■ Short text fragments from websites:

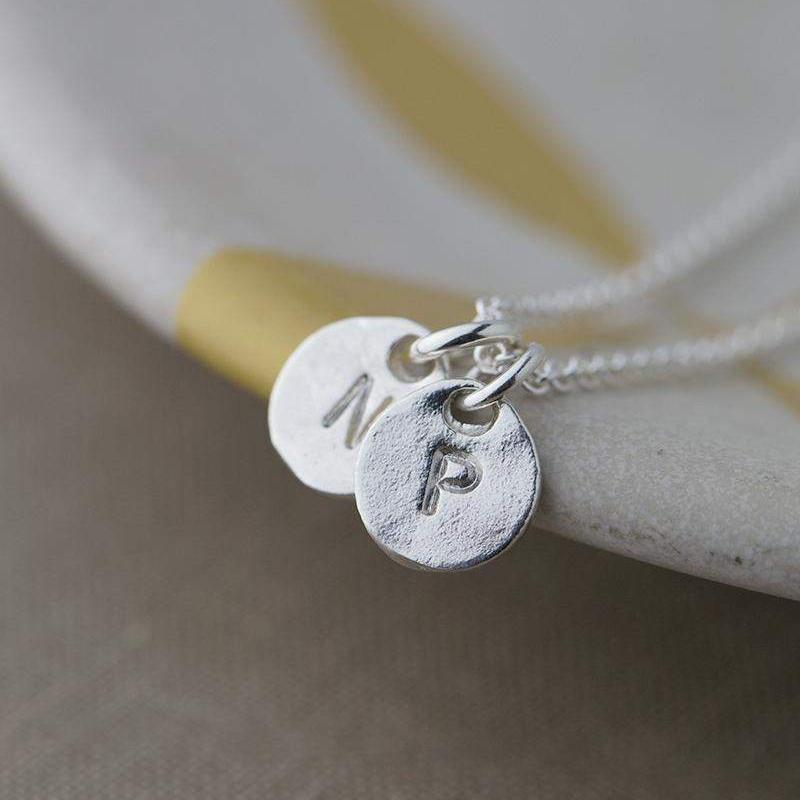 Hand Stamped Tiny Initial Necklace - Handmade Jewelry by Burnish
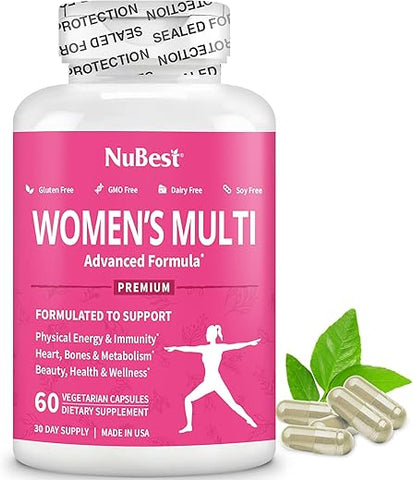 NuBest - 39-in-1 Cápsulas Horny Goat Weed, Maca, Wild Yam, Red Clover, Cranberry, Arginina, Vitaminas, Minerais, Suplemento Herbal para Mulheres por Women’s Multi 18 – Apoio à Saúde Feminina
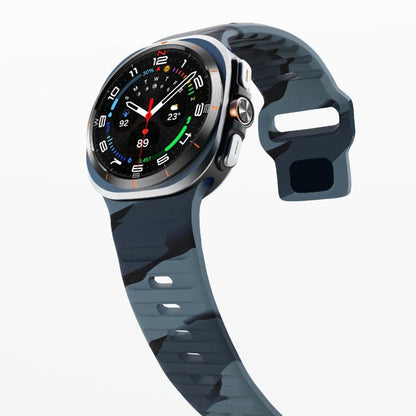 For Samsung Galaxy Watch Ultra 47mm / Ultra 2025 Kalebol Wave Reverse Buckle Silicone Strap(Black Gray Camouflage) by Kalebol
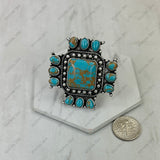 RGY251230-02-RED-BLUE                     Silver metal with red and blue turquoise stone cross Ring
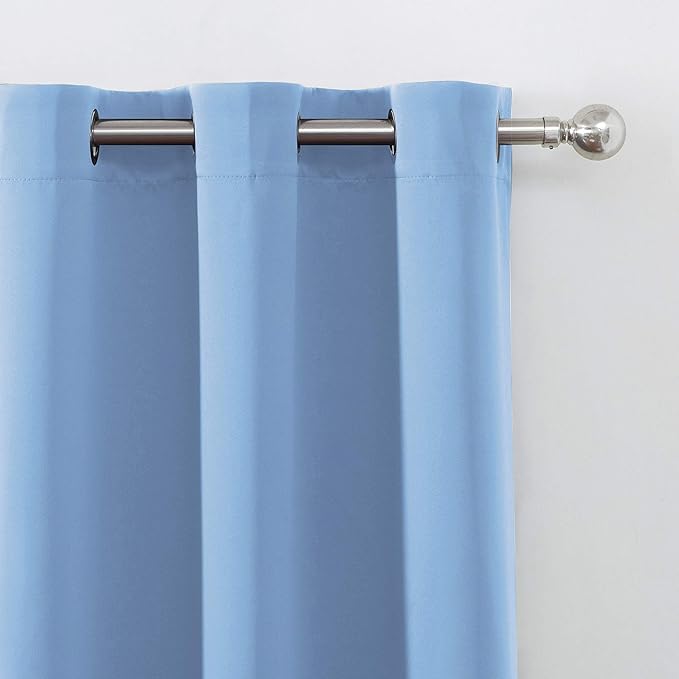 LEMOMO Sky Blue Thermal Blackout Curtains/38 x 84 Inch/Set of 2 Panels Room Darkening Curtains for Bedroom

■ Task details: Print every entry above verbatim but drop the images.

■ Exercise solution:
 Hand Stamped Tiny Initial Necklace - Handmade Jewelry by Burnish
 NuBest - 39-in-1 Cápsulas Horny Goat Weed, Maca, Wild Yam, Red Clover, Cranberry, Arginina, Vitaminas, Minerais, Suplemento Herbal para Mulheres por Women’s Multi 18 – Apoio à Saúde Feminina
 For Samsung Galaxy Watch Ultra 47mm / Ultra 2025 Kalebol Wave Reverse Buckle Silicone Strap(Black Gray Camouflage) by Kalebol
 RGY251230-02-RED-BLUE                     Silver metal with red and blue turquoise stone cross Ring
 LEMOMO Sky Blue Thermal Blackout Curtains/38 x 84 Inch/Set of 2 Panels Room Darkening Curtains for Bedroom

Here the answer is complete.